Washington was quick to name North Korea as the perpetrator of the horrific cyber vandalizing crime against Sony Pictures last year. If reports from The New York Times are to be believed, they could pinpoint North Korea because the National Security Agency (NSA) had hacked into North Korea networks long before the North Koreans shocked the world by hacking Sony.
“Long before blaming North Korea for the attack on Sony Pictures and its film “The Interview,” officials say U.S. intelligence was monitoring North Korea’s attempts to hack into computer systems of American companies,” said the CBS News.
The NSA was reportedly able to hack North Korean computer networks with the help of alies like South Korea and placed a tracking code in there, allowing the analysts sitting on American soil to track the cyber operations of the communist regime. It was because of the inside information they had about their cyber operations that the U.S. was able to identify specific addresses used by hackers working on bhest of the North Korean government.
Those same ip addresses have been linked to threats sent o Sony, says FBI Director James Comey.

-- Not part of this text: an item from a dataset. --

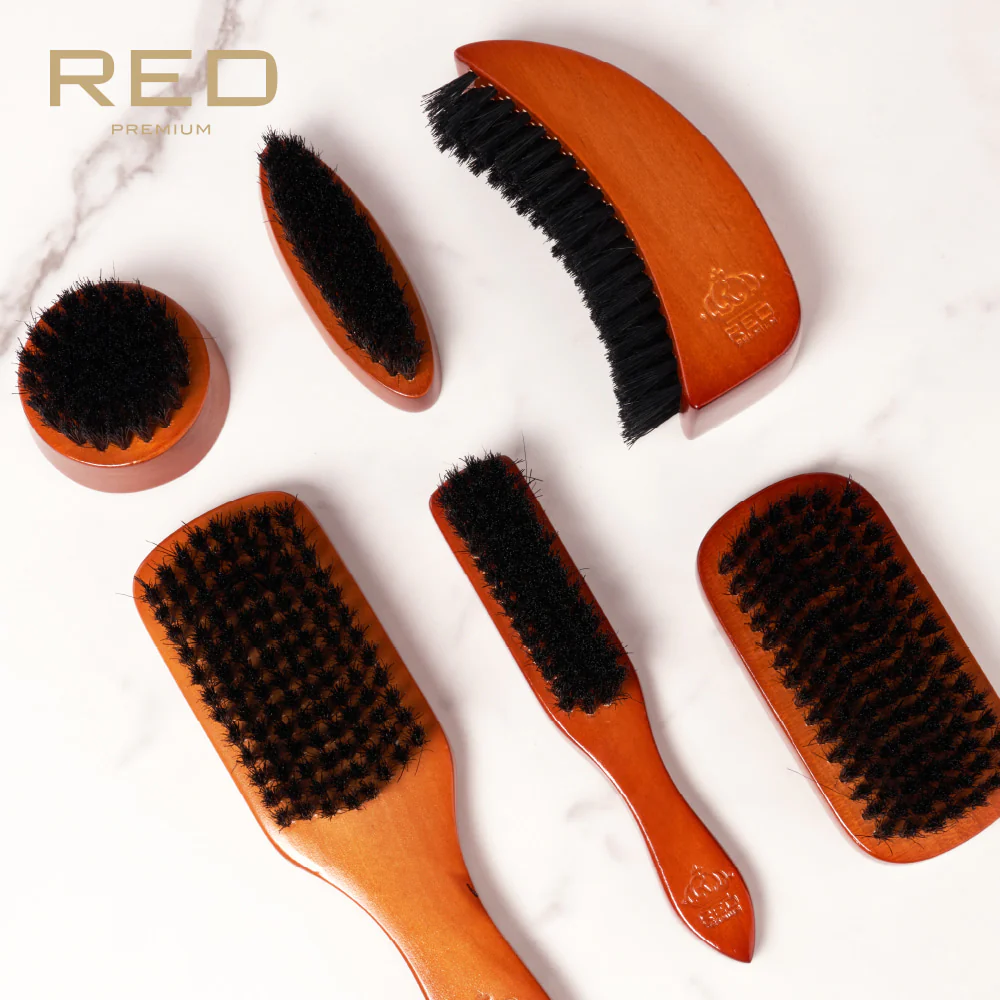 Red By Kiss Premium Beard Medium Soft Round Mini Brush - Image 2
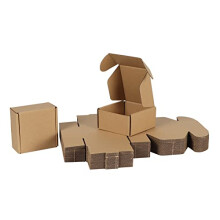 HORLIMER 20 Pack Small Cardboard Boxes, 4x4x2 inches Brown Corrugated Shipping Boxes,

“We could see that the IP addresses that were being used to post and to send the e-mails were coming from IPs that were exclusively used by the North Koreans,” said Comey.
The leading daily also accused the NSA of having stolen inside information from China over the last decade.
“The American spy agency drilled into the Chinese networks that connect North Korea to the outside world, [and] picked through connections in Malaysia favored by North Korean hackers,” the daily said citing newly declassified NSA documents and accounts from former U.S. government officials.
“It did not take long for American officials to conclude that the source of the attack was North Korea, officials say,” it went on to add.
What The New York Times has failed to elaborate upon, however, is the reason why the top brass sitting in the NSA failed to alert Sony if they did have access to all that was being plotted by them to block the release of “The Interview,” a satire on the assassination of leader Kim Jong-un.